-- Work instruction --
Copy the records below, from the line containing "FN55WYG are the vehicle registration plates." through the last line; leave out pictures.
Available data below:
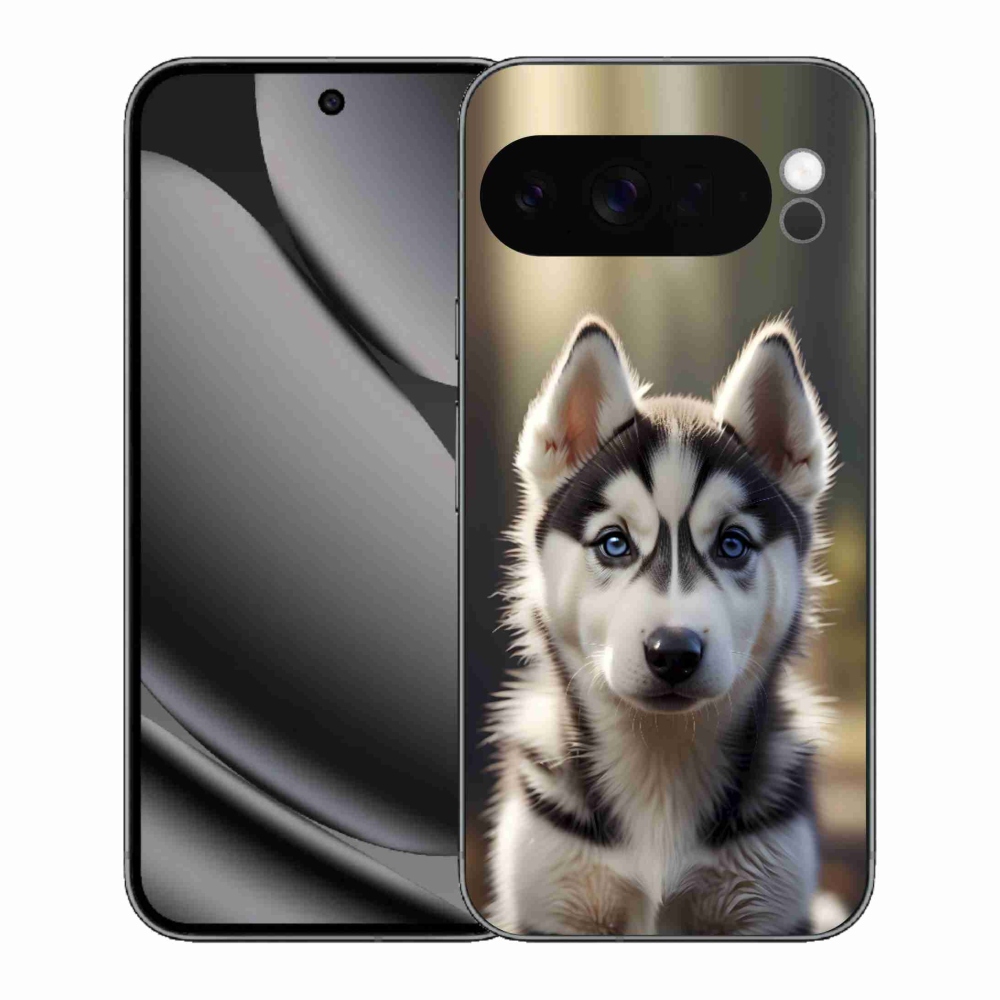 Gelový kryt mmCase na Google Pixel 10 Pro XL - roztomilý sibiřský husky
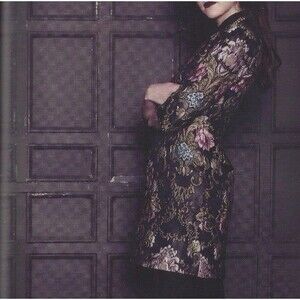 Darling London Hepburn Dress Black Brocade Shift US 10 UK 14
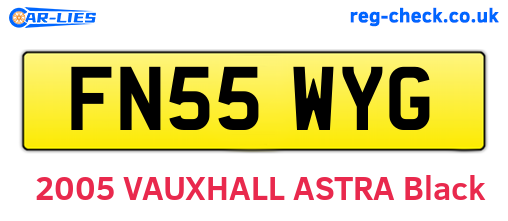FN55WYG are the vehicle registration plates.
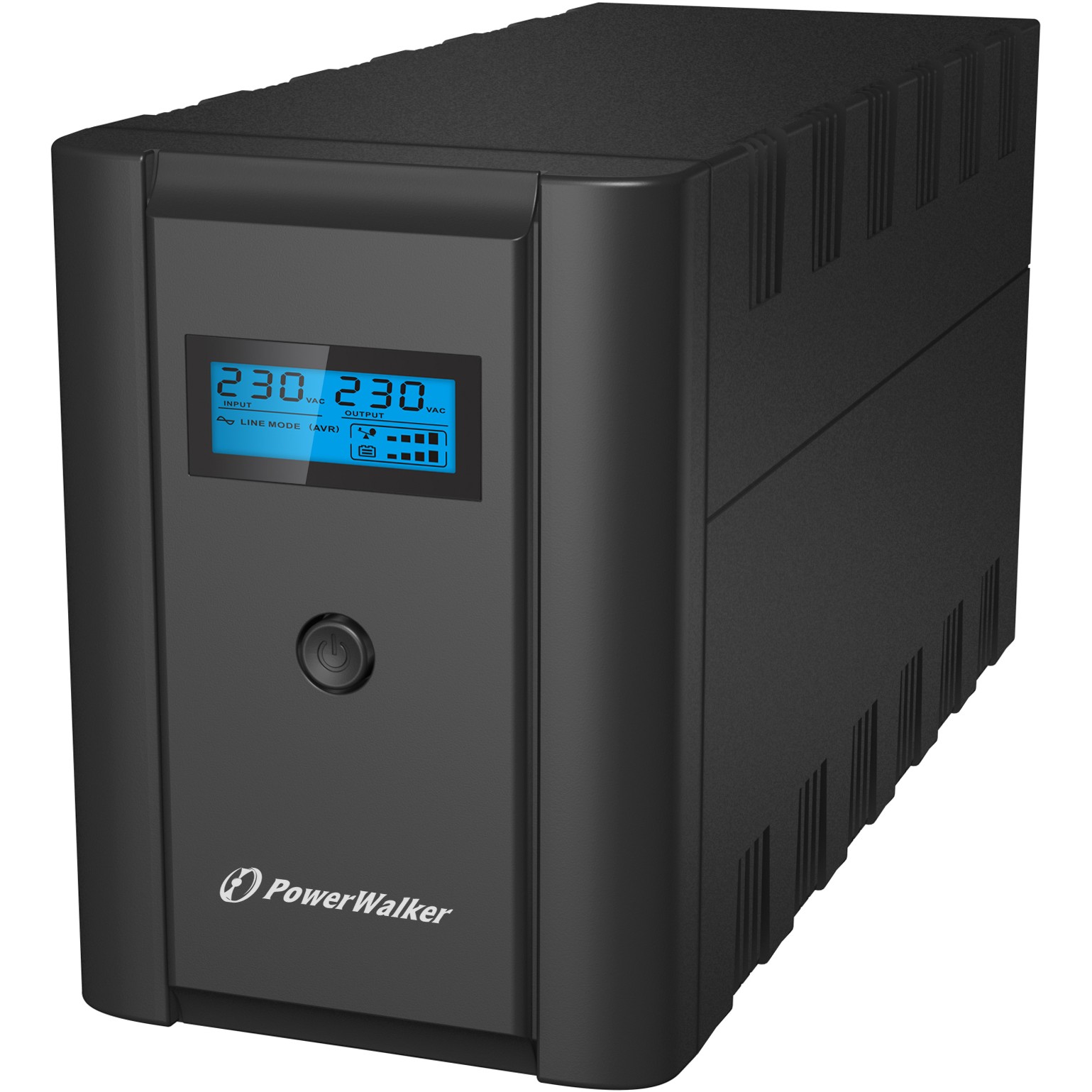 PowerWalker VI2200 LCD IEC – 2200VA 1200W Line-Interactive UPS with AVR, LCD Display, USB HID & 6x IEC Outputs – Reliable Backup Power for Servers, NAS & Network Systems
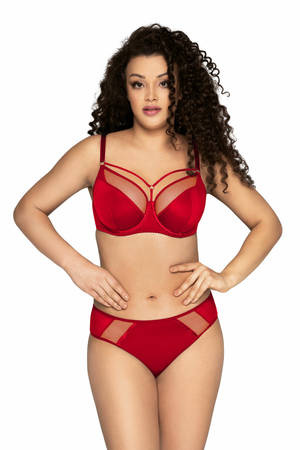 Semi-padded bra Ava red AV 1030/1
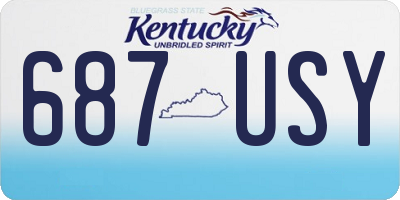 KY license plate 687USY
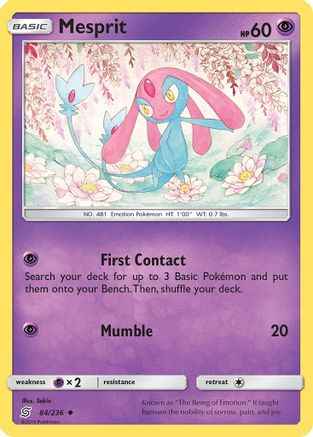 Mesprit 084/236 - SM  Unified Minds Reverse Holofoil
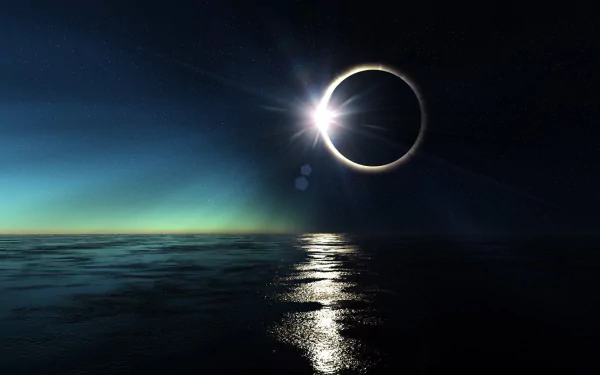 nature solar eclipse HD Desktop Wallpaper | Background Image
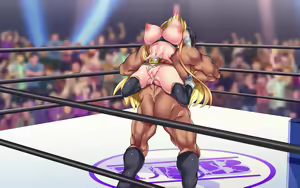 Page 422 of Kanzen Haiboku -WrestleDown- Muhai no Bijyo Wrestler ga Wana ni Hamari Ring-jou de Youshanaku Nando mo Okasareru!! | 완전 패배 -WrestleDown- 무패의 미녀 레슬러가 덫에 빠져 링 위에서 몇 번이고 무참히 범해진다!! - preview thumbnail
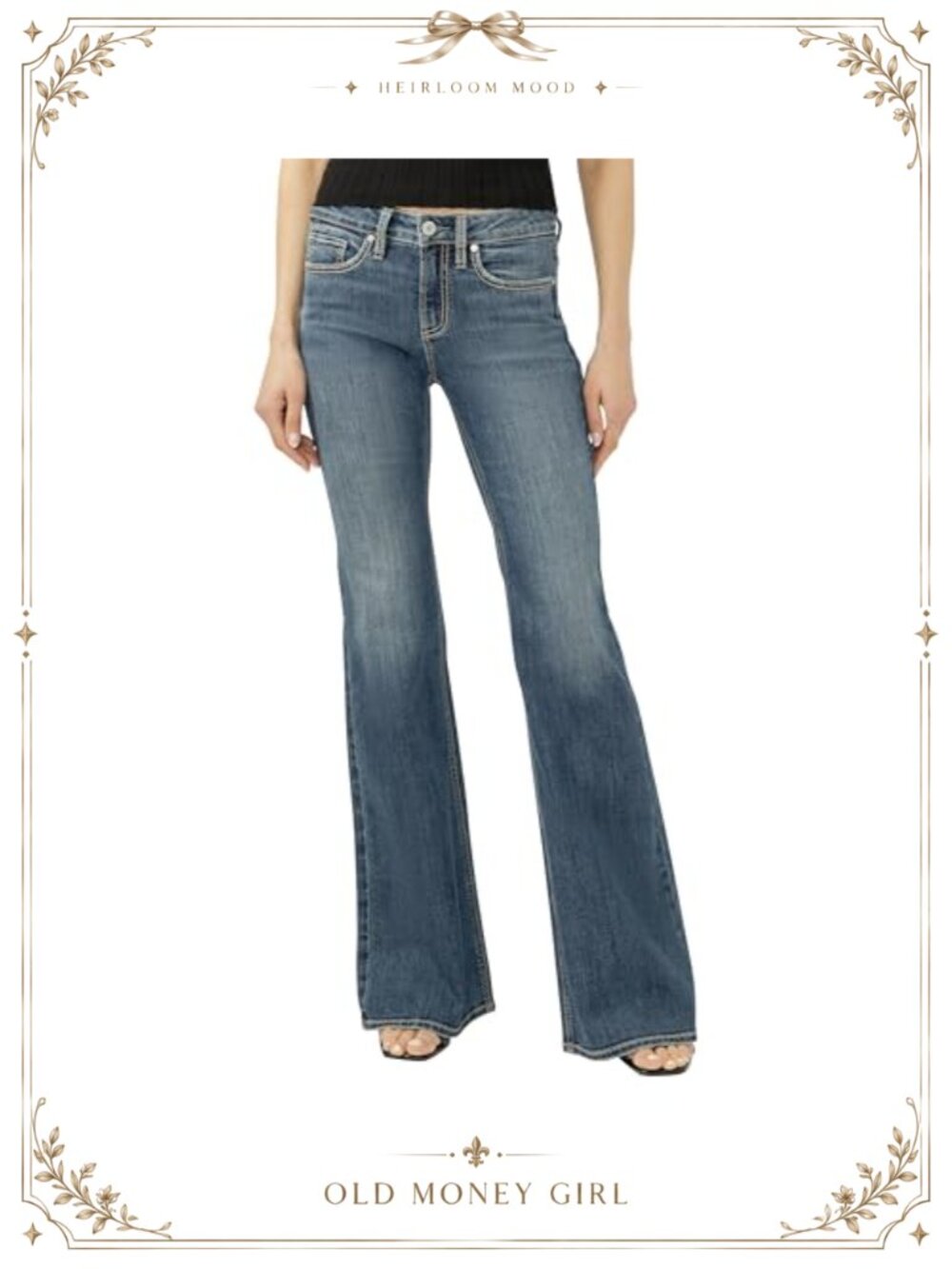 Mid Rise Flare Leg Curvy Fit Jeans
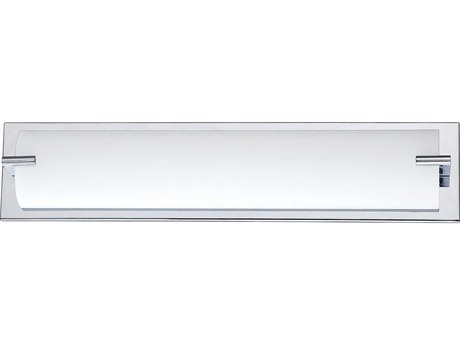 Kendal Paramount 4-Light Chrome Glass Vanity Light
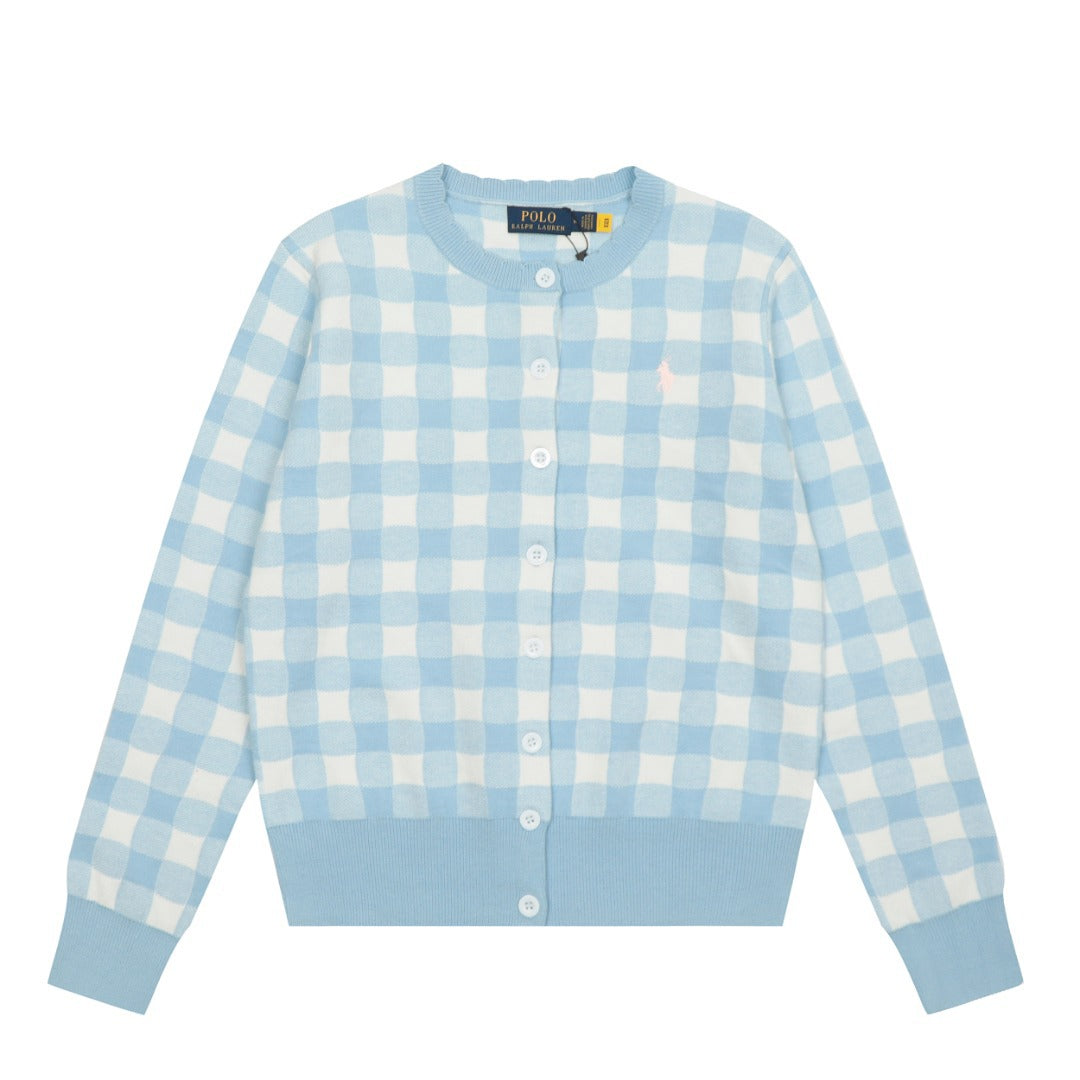 Ralph Lauren Women's Plaid Knit Cardigan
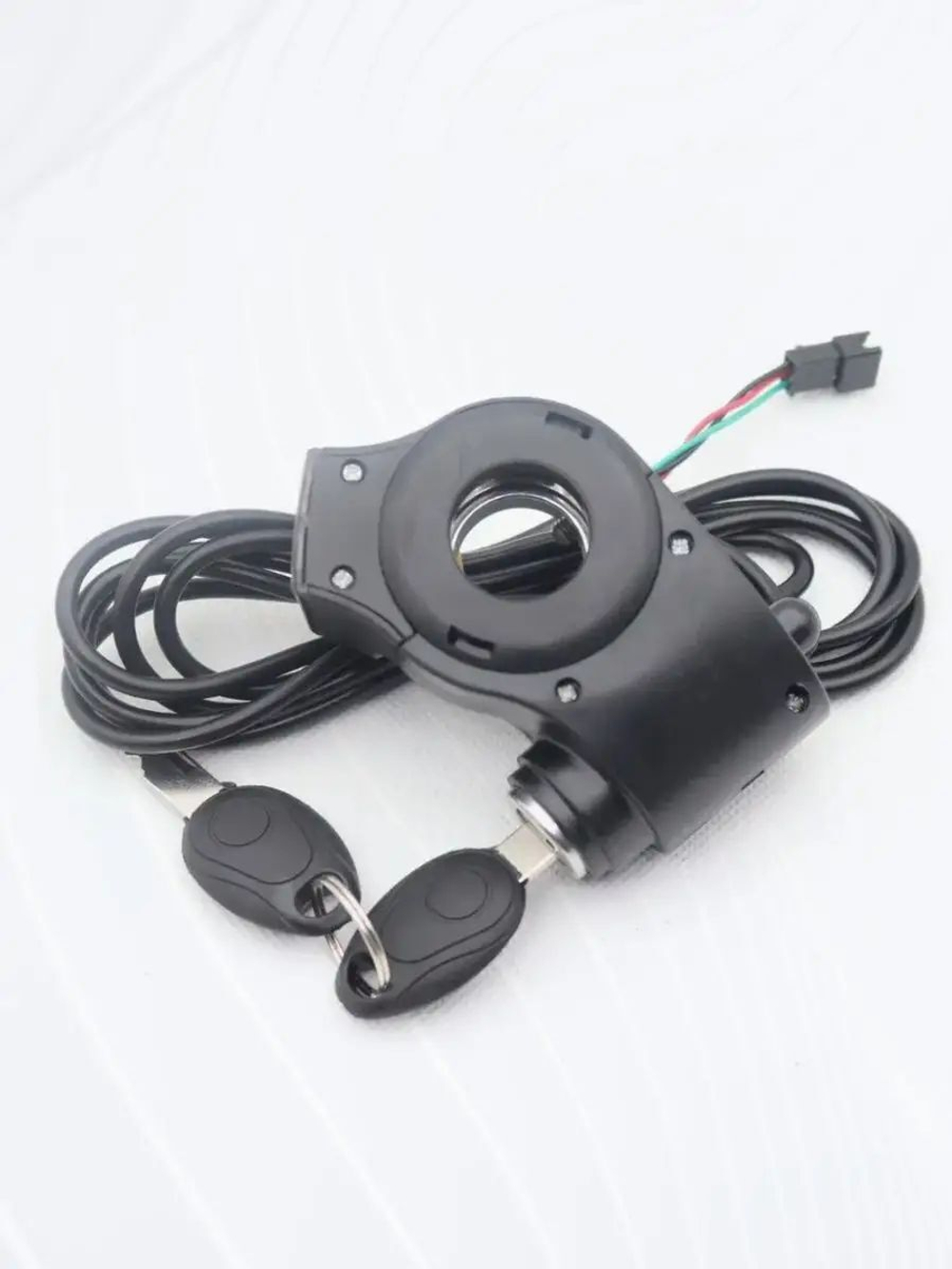 Замок зажигания с вольтметром для Kugoo M4, M4 Pro, G1 Jilong, M5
End of Available data.
-- Solution for this problem --
FN55WYG are the vehicle registration plates.
 PowerWalker VI2200 LCD IEC – 2200VA 1200W Line-Interactive UPS with AVR, LCD Display, USB HID & 6x IEC Outputs – Reliable Backup Power for Servers, NAS & Network Systems
 Semi-padded bra Ava red AV 1030/1
 KY license plate 687USY
 Mesprit 084/236 - SM  Unified Minds Reverse Holofoil
 nature solar eclipse HD Desktop Wallpaper | Background Image
 Page 422 of Kanzen Haiboku -WrestleDown- Muhai no Bijyo Wrestler ga Wana ni Hamari Ring-jou de Youshanaku Nando mo Okasareru!! | 완전 패배 -WrestleDown- 무패의 미녀 레슬러가 덫에 빠져 링 위에서 몇 번이고 무참히 범해진다!! - preview thumbnail
 Mid Rise Flare Leg Curvy Fit Jeans
 Kendal Paramount 4-Light Chrome Glass Vanity Light
 Ralph Lauren Women's Plaid Knit Cardigan
 Замок зажигания с вольтметром для Kugoo M4, M4 Pro, G1 Jilong, M5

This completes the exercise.